— AIM OF THE TASK —
Retype all of the listing exactly, with no pictures.

— EXERCISE DATA —
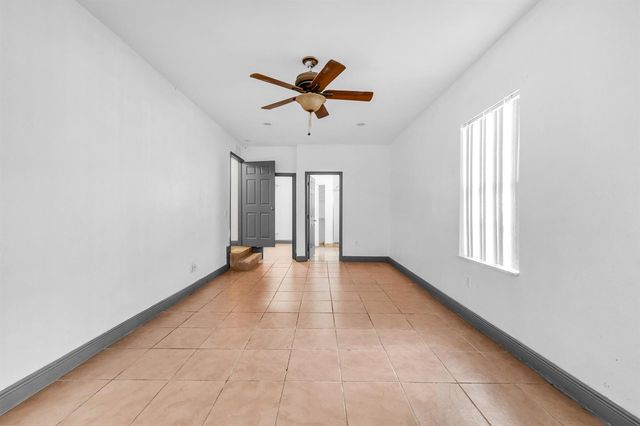 124 SW 10th Avenue, Boynton Beach, FL 33435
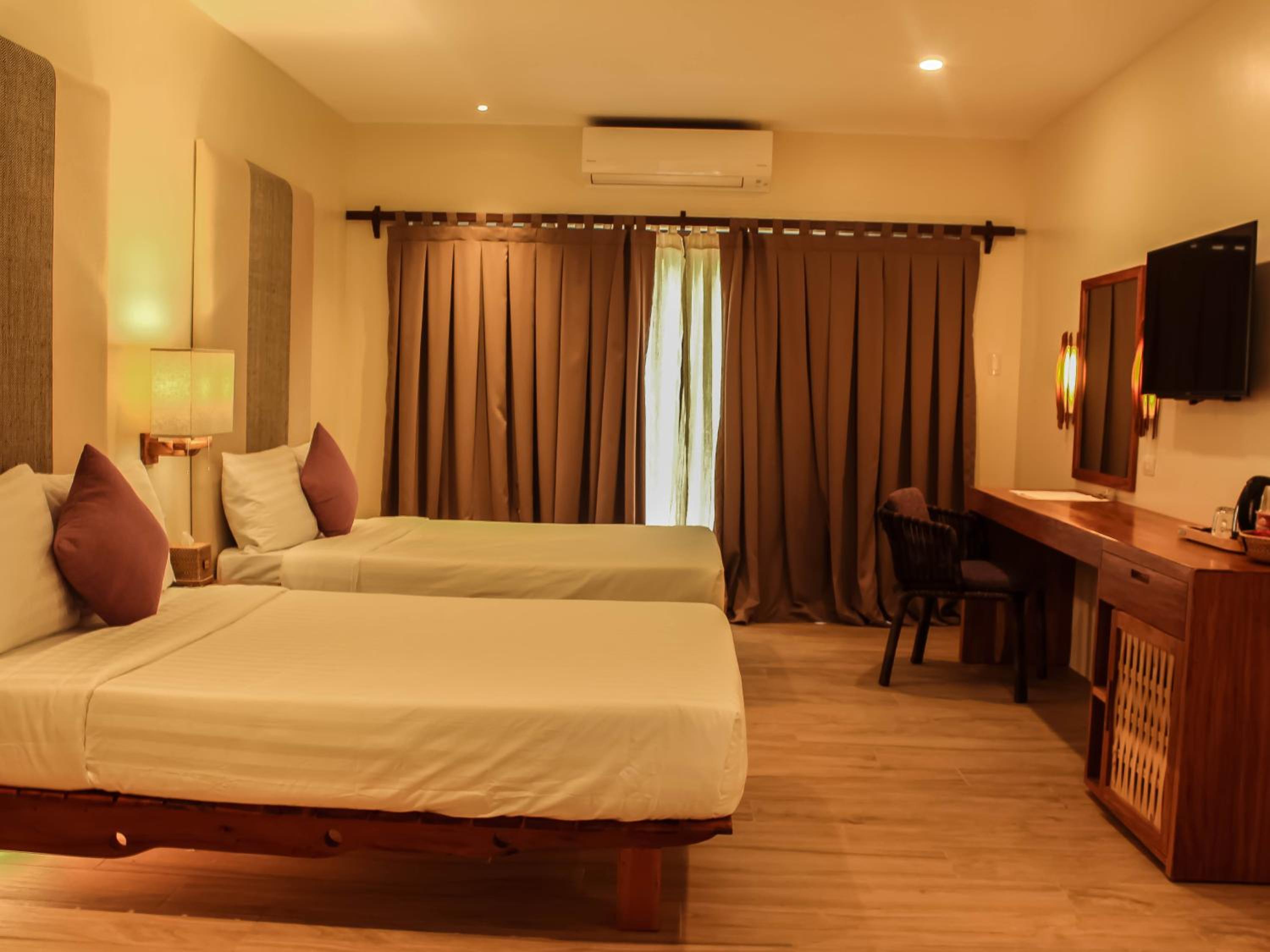 Deluxe Room - Photo 7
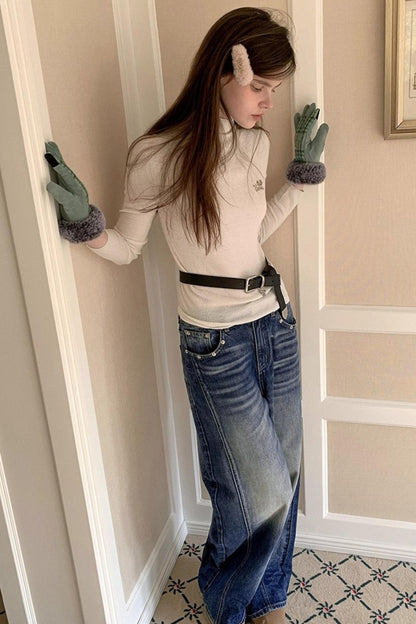 Letter Embroidery Turtleneck Knitwear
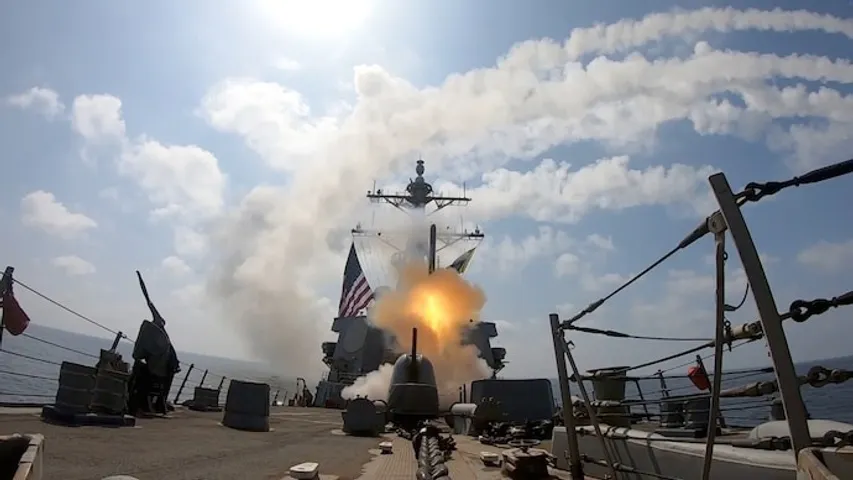 ଆମେରିକୀୟ ଟ୍ୟାଙ୍କର୍ ଉପରେ ଆକ୍ରମଣ କଲା ଇରାନ, ଭାରତ ମହାସାଗର ଅଶାନ୍ତ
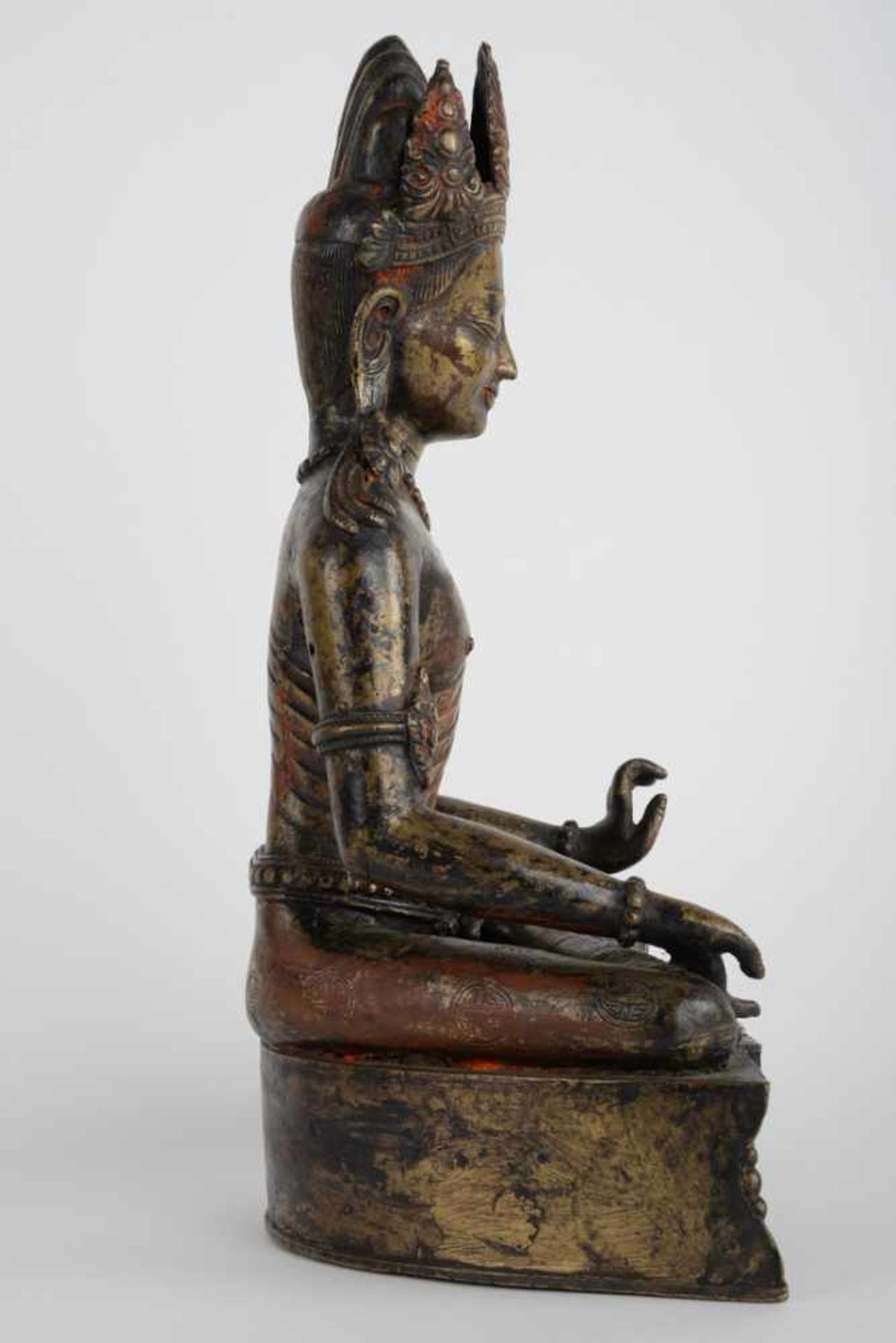 Bodhisattva mit Mudra der Erdberührung 20. Jahrhundert, Bronze, teilweise geschwärzt und Reste von - Bild 17 aus 18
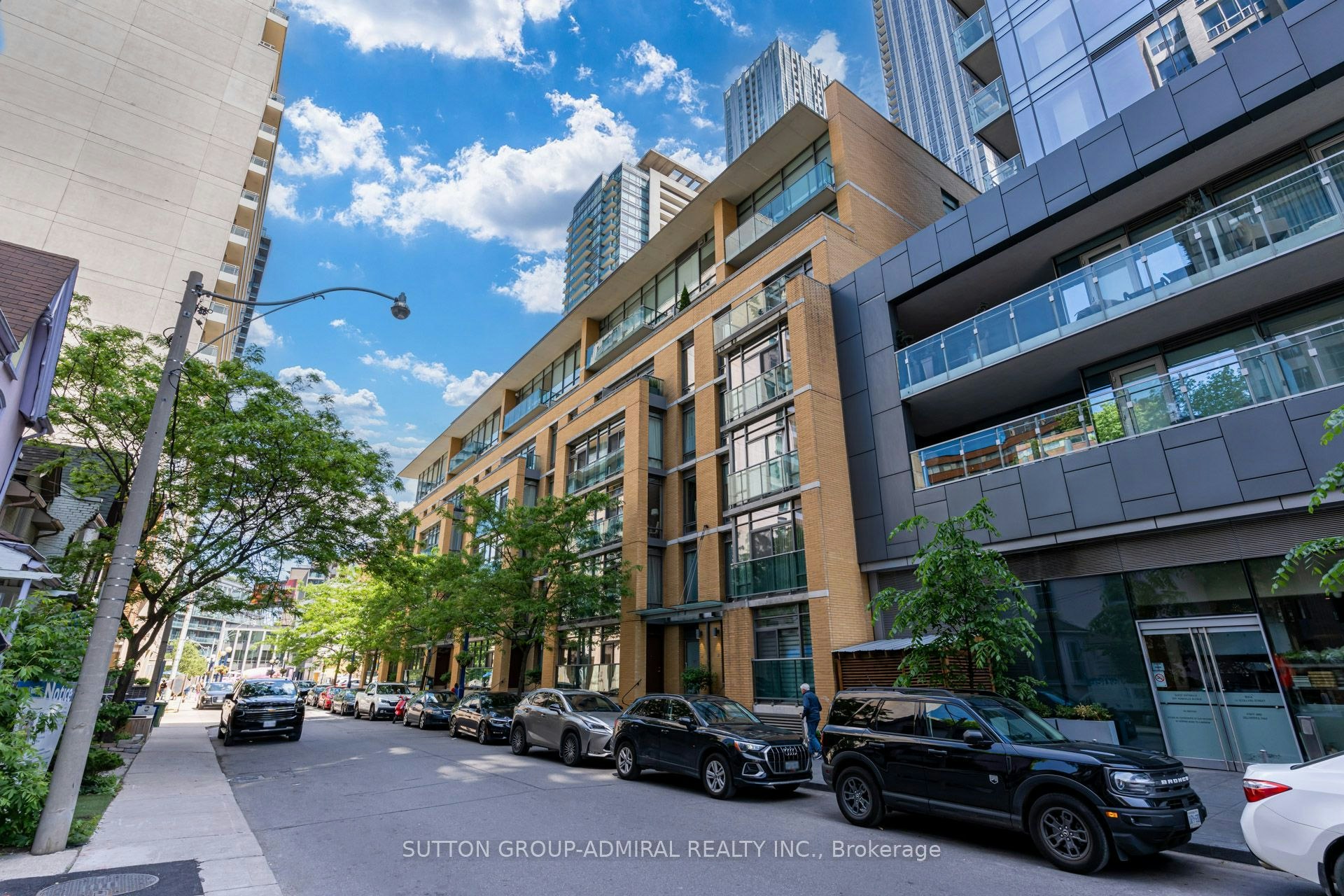 104-21 Scollard Street, Toronto, ON, M5R 1G1 - 4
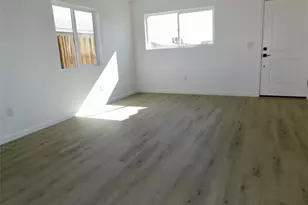 9758 S Kingman Dr, Mohave Valley, AZ 86440 - Photo 28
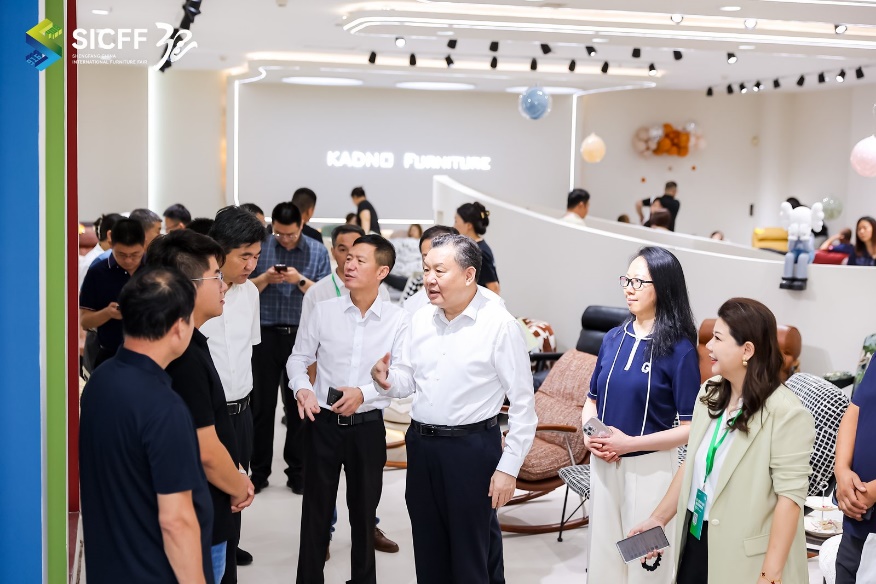 2_1600_3000_gif (4) 2_1600_3000_gif (4)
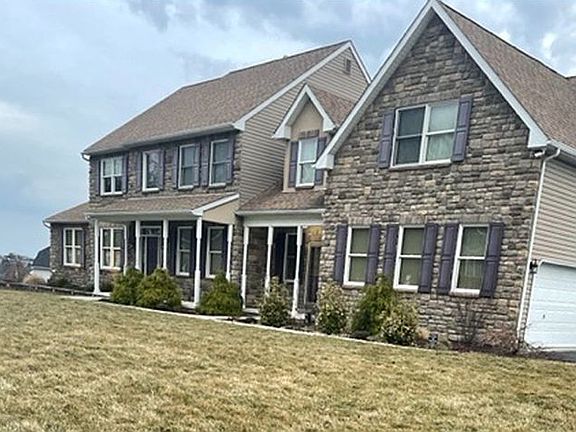 2nd image of 3204 Blue Mountain Ln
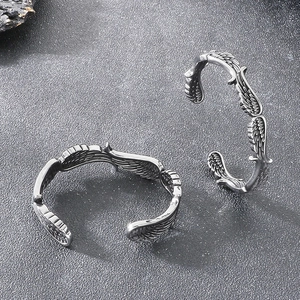 Nordisches Wikinger-Rabenflügel-Manschettenarmband-Set aus Vintage-Edelstahl im Punk-Stil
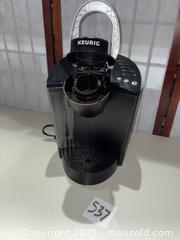 MaxSold Auction: Keurig K-40 Single-Serve Pod Coffee Maker, Black/Silver - Warwick (Rhode Island, USA) SELLER MANAGED Reseller Online Auction - Warwick Avenue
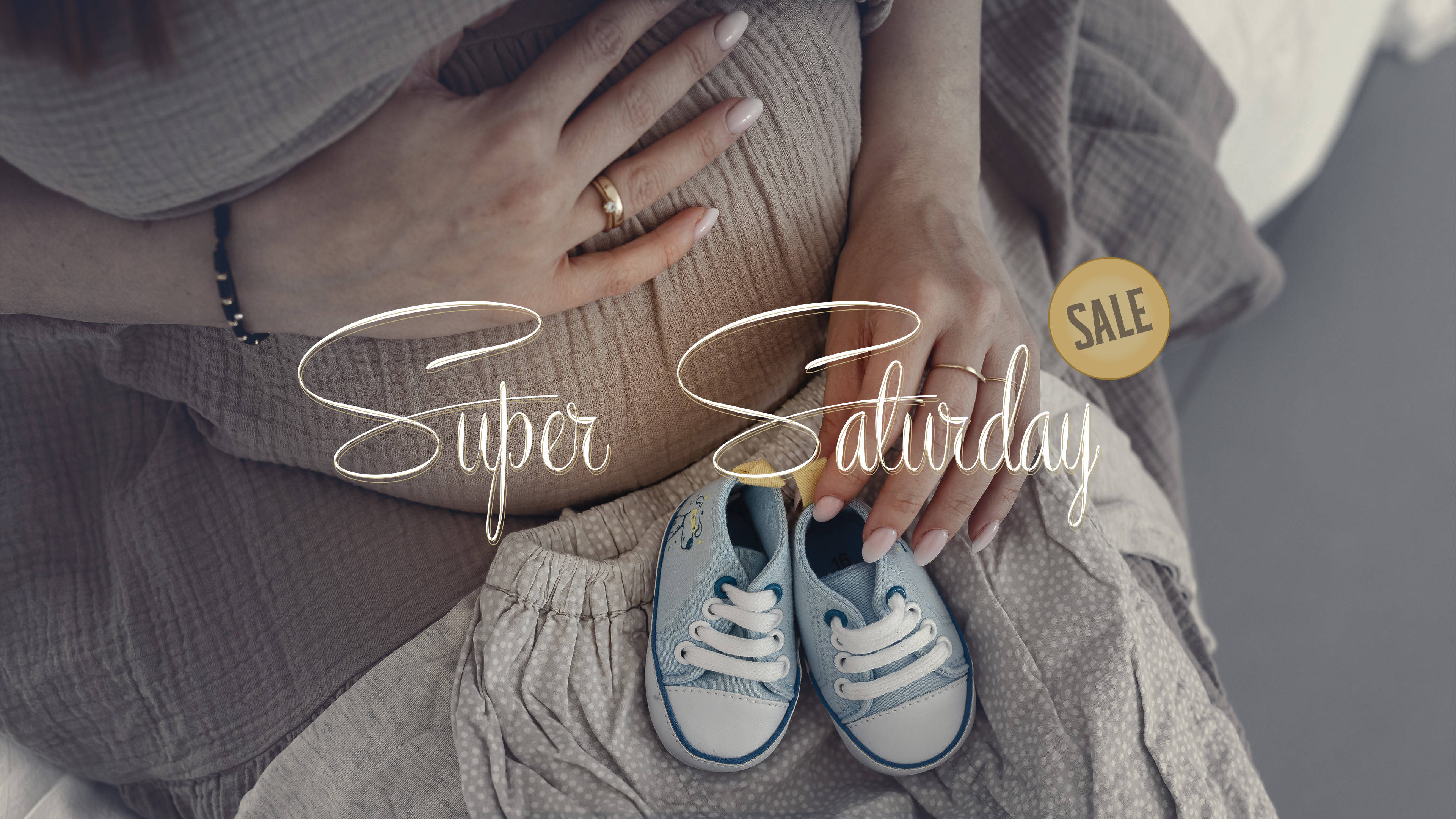 Super Saturday Reducere Articole Bebeluși Fundal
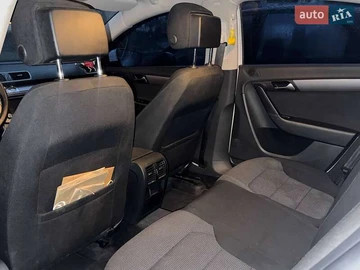 Авто Volkswagen Passat 2013 № 8345442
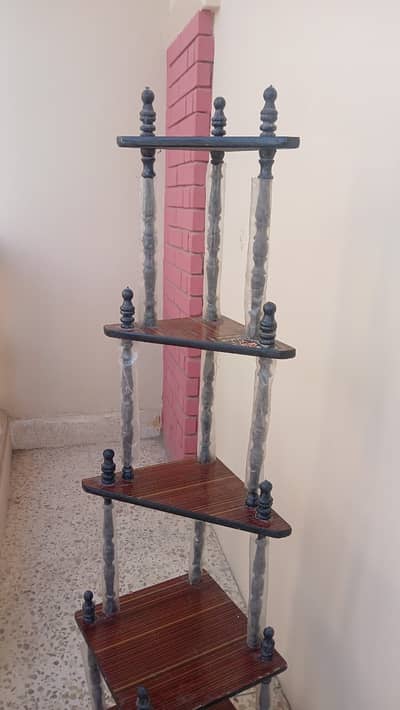 Corner shelf rack for decorative items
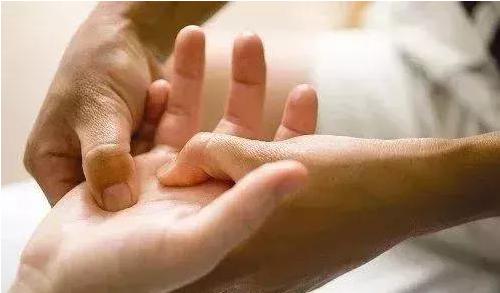 冬天手又红又紫怎么办,冬天手特别干燥怎么样可以保湿
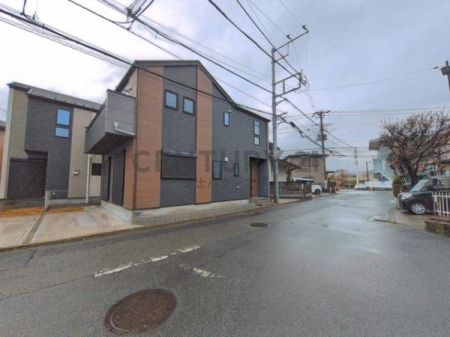 �_�ސ쌧������s���h�̐V�z��ˌ��Ă̑O�ʓ��H�܂ތ��n�ʐ^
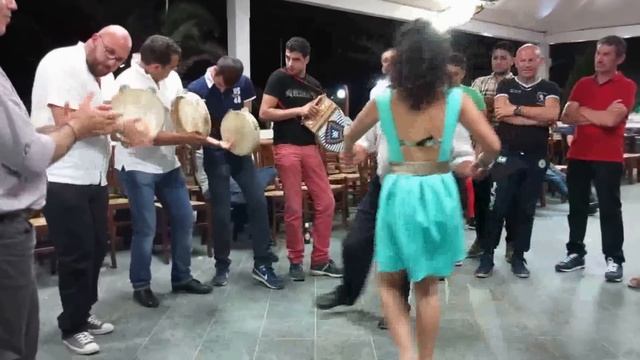 8 Tarantella tradizionale 2 parte смотреть онлайн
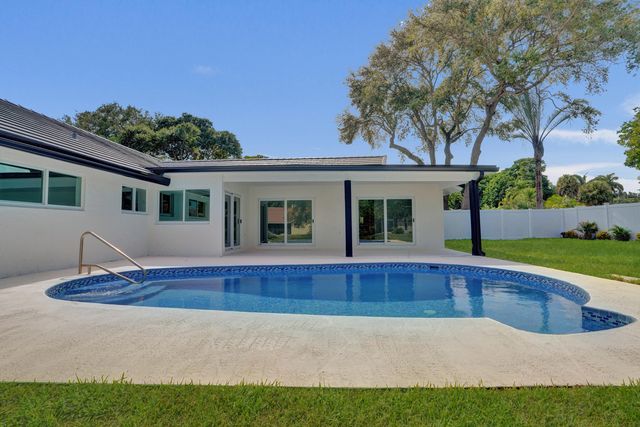 2009 SW 36TH Avenue, Delray Beach, FL 33445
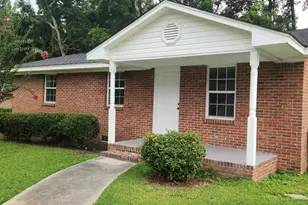 105 Tucker Mill Cir, Saint Matthews, SC 29135 - Photo 1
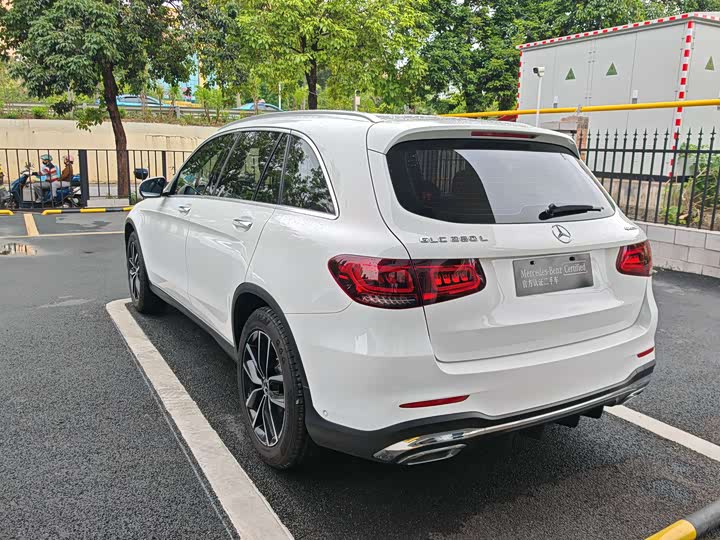 Mercedes-Benz GLC 2021 GLC 260 L 4 MATIC Luxury — фото 6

— RESULT OF THIS TASK —
 124 SW 10th Avenue, Boynton Beach, FL 33435
 Deluxe Room - Photo 7
 Letter Embroidery Turtleneck Knitwear
 ଆମେରିକୀୟ ଟ୍ୟାଙ୍କର୍ ଉପରେ ଆକ୍ରମଣ କଲା ଇରାନ, ଭାରତ ମହାସାଗର ଅଶାନ୍ତ
 Bodhisattva mit Mudra der Erdberührung 20. Jahrhundert, Bronze, teilweise geschwärzt und Reste von - Bild 17 aus 18
 104-21 Scollard Street, Toronto, ON, M5R 1G1 - 4
 9758 S Kingman Dr, Mohave Valley, AZ 86440 - Photo 28
 2_1600_3000_gif (4) 2_1600_3000_gif (4)
 2nd image of 3204 Blue Mountain Ln
 Nordisches Wikinger-Rabenflügel-Manschettenarmband-Set aus Vintage-Edelstahl im Punk-Stil
 MaxSold Auction: Keurig K-40 Single-Serve Pod Coffee Maker, Black/Silver - Warwick (Rhode Island, USA) SELLER MANAGED Reseller Online Auction - Warwick Avenue
 Super Saturday Reducere Articole Bebeluși Fundal
 Авто Volkswagen Passat 2013 № 8345442
 Corner shelf rack for decorative items
 冬天手又红又紫怎么办,冬天手特别干燥怎么样可以保湿
 �_�ސ쌧������s���h�̐V�z��ˌ��Ă̑O�ʓ��H�܂ތ��n�ʐ^
 8 Tarantella tradizionale 2 parte смотреть онлайн
 2009 SW 36TH Avenue, Delray Beach, FL 33445
 105 Tucker Mill Cir, Saint Matthews, SC 29135 - Photo 1
 Mercedes-Benz GLC 2021 GLC 260 L 4 MATIC Luxury — фото 6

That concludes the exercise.